The optional theft and damage protection for your bike would be based on your bike’s value. Annual premiums, [Better World Club Marketing Director Lauri] Fish says, will likely be about $40 for bikes valued up to $1,500 and would go up incrementally each $1,000 in value. The new insurance policy will also come with $1 million in liability coverage if you are involved in a collision with someone else while bicycling and it’s proven to be your fault.
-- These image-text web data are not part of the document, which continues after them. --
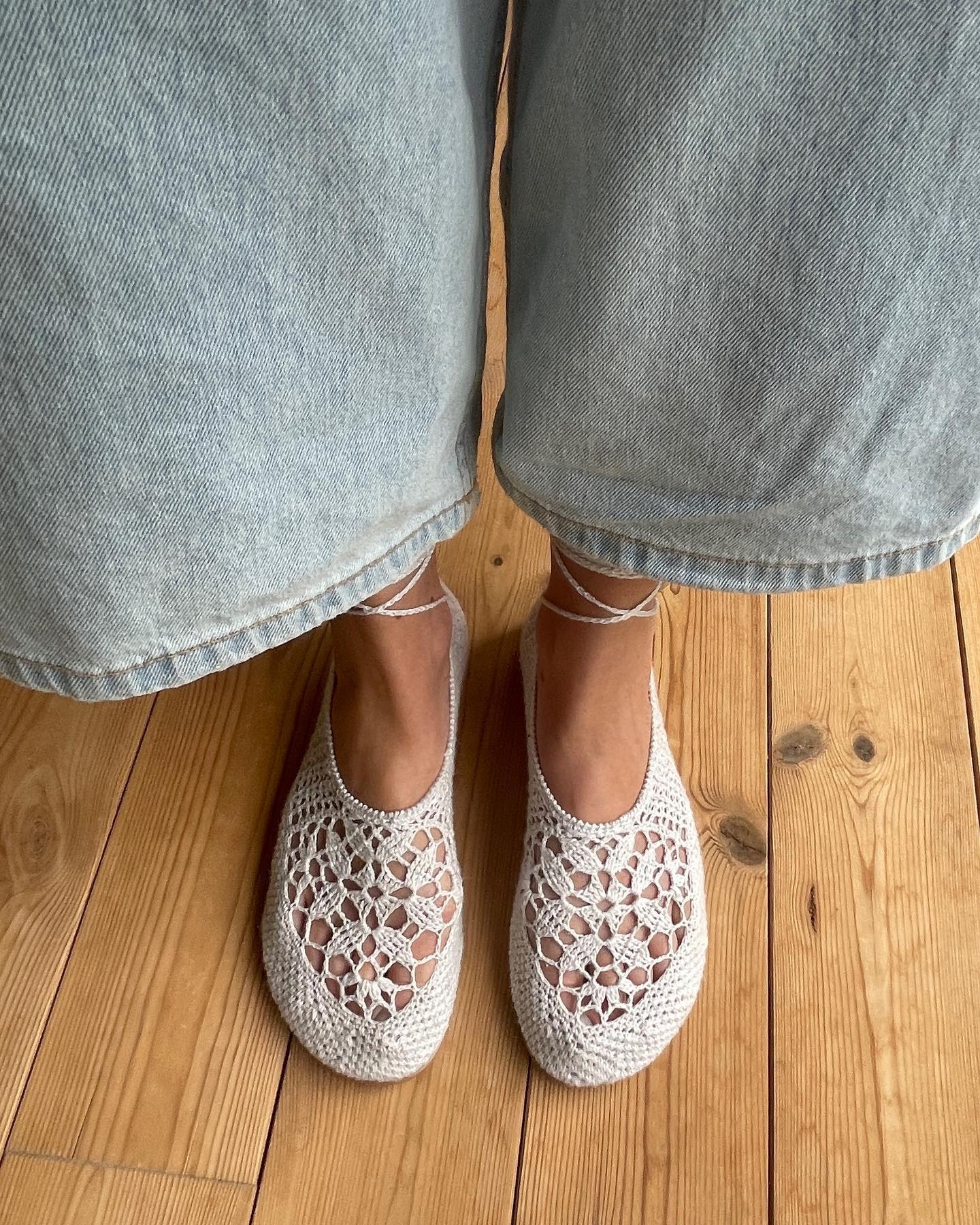 Jeanette Madsen wearing white crochet flats from Hvoya.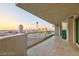 Spacious balcony with glass railings offering panoramic city views at sunset at 2747 Paradise Rd # 1706, Las Vegas, NV 89109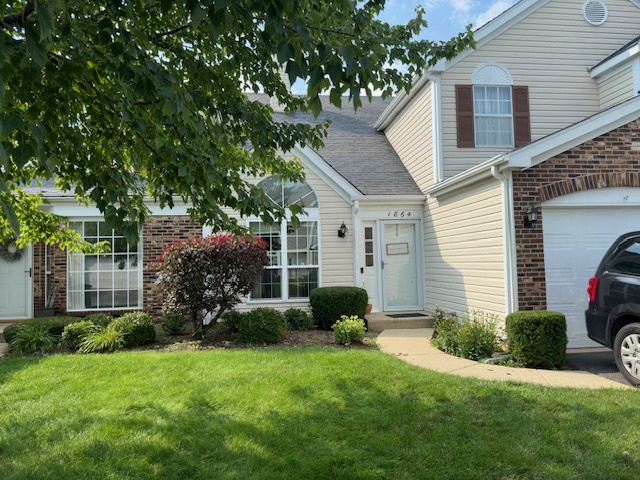 a view of a house with garden and yard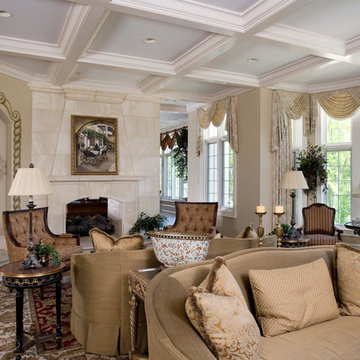 Sunken Living Room with Floor to Ceiling Limestone Surround Fireplace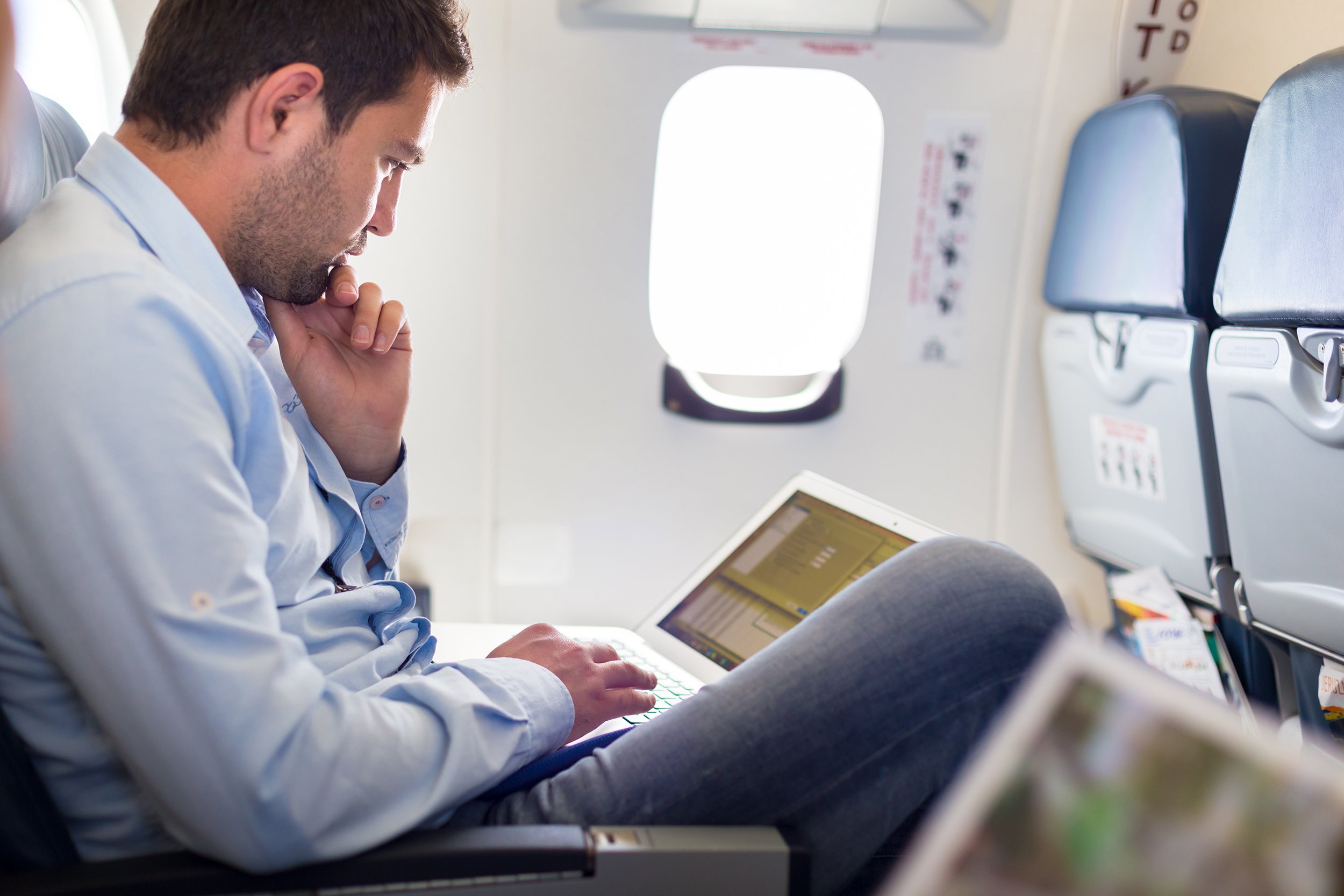 casually dressed middle aged man working on laptop in aircraft cabin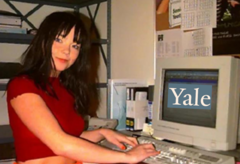 Bjork sitting at a computer that says "Yale"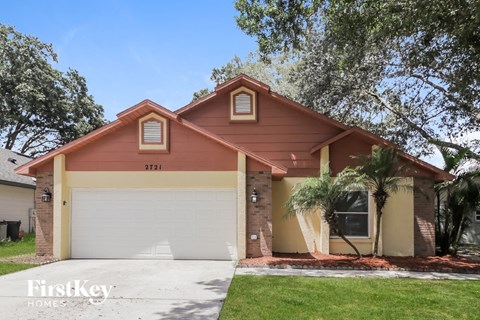 a house with a white garage door and a palm tree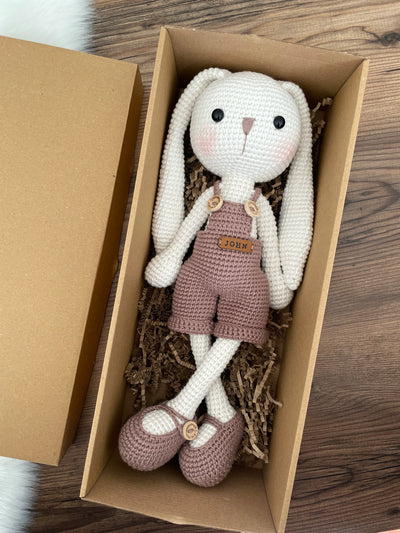 Handmade mink color overall bunny rabbit toy, crocheted using amigurumi technique with long ears and a custom name on a leather label, lying inside a gift box, perfect for gifts.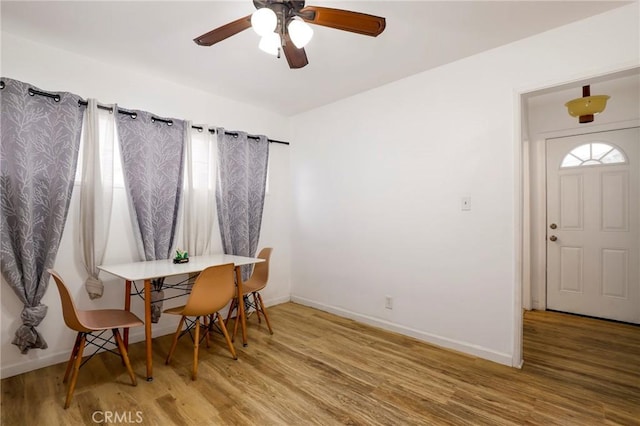 dining space with ceiling fan, hardwood / wood-style flooring, and a wealth of natural light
This is an exciting development for folks who use a bicycle as their primary vehicle. Since comprehensive bicycle insurance hasn’t existed (until now), people have had to rely on either their homeowner’s insurance policy (which might just cover property damage), their own auto insurance policy (if they owned a car), or the policy of the person driving the motor vehicle (if indeed they even had coverage or had enough coverage). But all of those options come with legal grey areas and gaps in coverage.
So, my question to you all is, would you buy bicycle insurance?